プロの耳で聞いたジャズをミュージシャン流に批評。

Ornithology Ⅲ

2009-12-17 00:45:43 | Weblog
ビバップという音楽についての見解はさまざまだ。長いキャリアを持つミュージシャンの中には、よく考えてみると本当に不思議な音楽だという印象を持っている人が多くいる。何故だろう?もちろん簡単な答えはない。強烈なインパクトとパワーを持った音楽が誰か特定の人物の思惑だけで生まれてくるはずもない。それまでの何十年かのジャズの歴史に大きな理由があるのかもしれない。いろんなパワーがたまっていたのだろう。

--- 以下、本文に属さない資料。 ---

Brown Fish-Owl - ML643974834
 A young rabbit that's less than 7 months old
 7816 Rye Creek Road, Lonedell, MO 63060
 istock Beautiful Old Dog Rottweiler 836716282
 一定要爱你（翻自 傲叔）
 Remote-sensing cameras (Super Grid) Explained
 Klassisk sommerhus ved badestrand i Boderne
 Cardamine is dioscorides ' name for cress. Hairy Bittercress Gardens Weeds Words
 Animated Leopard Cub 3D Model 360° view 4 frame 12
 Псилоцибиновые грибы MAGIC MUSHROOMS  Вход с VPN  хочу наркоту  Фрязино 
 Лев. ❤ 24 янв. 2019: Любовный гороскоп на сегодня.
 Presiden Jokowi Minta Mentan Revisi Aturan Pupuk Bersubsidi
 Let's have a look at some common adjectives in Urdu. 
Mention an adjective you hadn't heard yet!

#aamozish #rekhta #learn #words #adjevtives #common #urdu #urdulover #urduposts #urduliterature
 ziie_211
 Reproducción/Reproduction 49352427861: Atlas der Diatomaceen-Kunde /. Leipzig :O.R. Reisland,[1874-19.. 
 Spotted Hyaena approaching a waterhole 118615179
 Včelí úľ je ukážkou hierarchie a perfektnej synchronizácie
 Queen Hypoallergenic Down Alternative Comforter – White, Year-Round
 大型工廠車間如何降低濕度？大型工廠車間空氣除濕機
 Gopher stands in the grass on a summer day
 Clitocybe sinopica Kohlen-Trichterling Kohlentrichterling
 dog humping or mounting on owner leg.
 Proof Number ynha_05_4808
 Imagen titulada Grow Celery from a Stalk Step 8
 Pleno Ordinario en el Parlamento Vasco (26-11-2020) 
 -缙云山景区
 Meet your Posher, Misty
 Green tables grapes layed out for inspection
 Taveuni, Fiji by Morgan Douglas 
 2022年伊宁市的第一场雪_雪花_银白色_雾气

ビバップの誕生に貢献したのは当時のトッププレイヤーたちで新しいジャズの方向性を模索するうちにある一定のものがかたまってきたということだろう。だからビバップというのは曲がどうとかリズムがどうとか、ましてやアドリブフレーズ云々のことではない。彼らが目指した「ヒップな音楽」それの全体像だ。ところがそのムーヴメントの中心にはチャーリーパーカーというとんでもない人物がいた。稀代の天才だ。パーカーの音楽語法は独特だ。そしてまわりのミュージシャンも否応なしにそれにひっぱられていってしまった。モンクやマイルスのようにその渦中にいながら冷静に自分の音楽を作っていくのは大変だったと思う。パーカーの音楽はパーカー自身のものでだれもマネはできない。パーカーの語法だけをマネると音楽が歌わなくなってジャズの意義も消えうせてしまう。でもモダンジャズという音楽にはチャーリーパーカーが君臨している。避けては通れない。ジャズインプロヴィゼーションはいつも紙一重の危険性をはらんでいる。